Jul  3 06:21:02.974878 r-panther-40 INFO dhcp_relay#supervisord: dhcprelayd psutil.NoSuchProcess: process no longer exists (pid=262)
Jul  3 06:21:02.989391 r-panther-40 INFO dhcp_relay#supervisord 2024-07-03 06:21:02,988 INFO exited: dhcprelayd (exit status 1; not expected)
yaqiangz commented 1 week ago

Based on commit: https://github.com/sonic-net/sonic-buildimage/tree/156b067c875967618232c02cb51b163e5e287e45 HW SKU: Mellanox-SN2700-A1-D48C8 Topology: T0

@yaqiangz Please note that this is a very rare statistical issue. Even for us it is not seen often. As mentioned in description, it happened only twice until now.

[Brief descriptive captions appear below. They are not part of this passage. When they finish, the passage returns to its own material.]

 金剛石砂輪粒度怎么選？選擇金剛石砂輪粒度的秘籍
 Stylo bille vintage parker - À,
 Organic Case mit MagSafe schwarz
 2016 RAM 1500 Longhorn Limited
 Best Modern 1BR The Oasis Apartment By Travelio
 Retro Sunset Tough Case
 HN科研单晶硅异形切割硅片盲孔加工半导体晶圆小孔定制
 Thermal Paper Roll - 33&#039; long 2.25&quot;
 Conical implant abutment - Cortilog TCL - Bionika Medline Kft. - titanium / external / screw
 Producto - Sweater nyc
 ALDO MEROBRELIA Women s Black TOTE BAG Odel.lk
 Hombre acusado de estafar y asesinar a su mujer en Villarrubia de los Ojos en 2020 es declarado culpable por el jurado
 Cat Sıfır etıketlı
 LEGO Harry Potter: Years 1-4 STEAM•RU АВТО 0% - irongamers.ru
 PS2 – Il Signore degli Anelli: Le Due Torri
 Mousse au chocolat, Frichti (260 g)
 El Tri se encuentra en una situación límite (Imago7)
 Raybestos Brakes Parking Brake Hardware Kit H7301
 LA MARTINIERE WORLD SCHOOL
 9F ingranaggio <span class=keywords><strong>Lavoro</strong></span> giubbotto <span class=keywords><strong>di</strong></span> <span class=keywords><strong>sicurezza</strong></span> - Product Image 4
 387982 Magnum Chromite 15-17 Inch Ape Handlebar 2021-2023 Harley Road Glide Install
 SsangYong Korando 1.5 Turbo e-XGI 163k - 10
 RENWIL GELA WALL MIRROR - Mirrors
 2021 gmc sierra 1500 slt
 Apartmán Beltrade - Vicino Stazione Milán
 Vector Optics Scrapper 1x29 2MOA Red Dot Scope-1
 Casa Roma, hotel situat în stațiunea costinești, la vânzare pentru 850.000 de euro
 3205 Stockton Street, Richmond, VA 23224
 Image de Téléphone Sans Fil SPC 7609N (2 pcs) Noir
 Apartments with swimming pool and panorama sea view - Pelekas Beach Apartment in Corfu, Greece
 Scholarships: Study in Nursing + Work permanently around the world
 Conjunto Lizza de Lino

@yaqiangz, Seems to me the issue is in here https://github.com/sonic-net/sonic-buildimage/blob/202311/src/sonic-dhcp-utilities/dhcp_utilities/common/utils.py#L162

name() is not a safe call and might throw a psutil.NoSuchProcess exception. For a daemon dhcprelayd, the exception should be handled and process should not exit.

Now, we don't know what the pid 262 is for and it's hard to figure out cause the process has ended anyway and the issue is very hard to repro.

It could be any temporary process which might be spawned by a dhcpv4 related process or maybe even by rsyslogd and rsyslog plugin.

Jul  3 06:21:02.974878 r-panther-40 INFO dhcp_relay#supervisord: dhcprelayd psutil.NoSuchProcess: process no longer exists (pid=262)
Jul  3 06:21:02.989391 r-panther-40 INFO dhcp_relay#supervisord 2024-07-03 06:21:02,988 INFO exited: dhcprelayd (exit status 1; not expected)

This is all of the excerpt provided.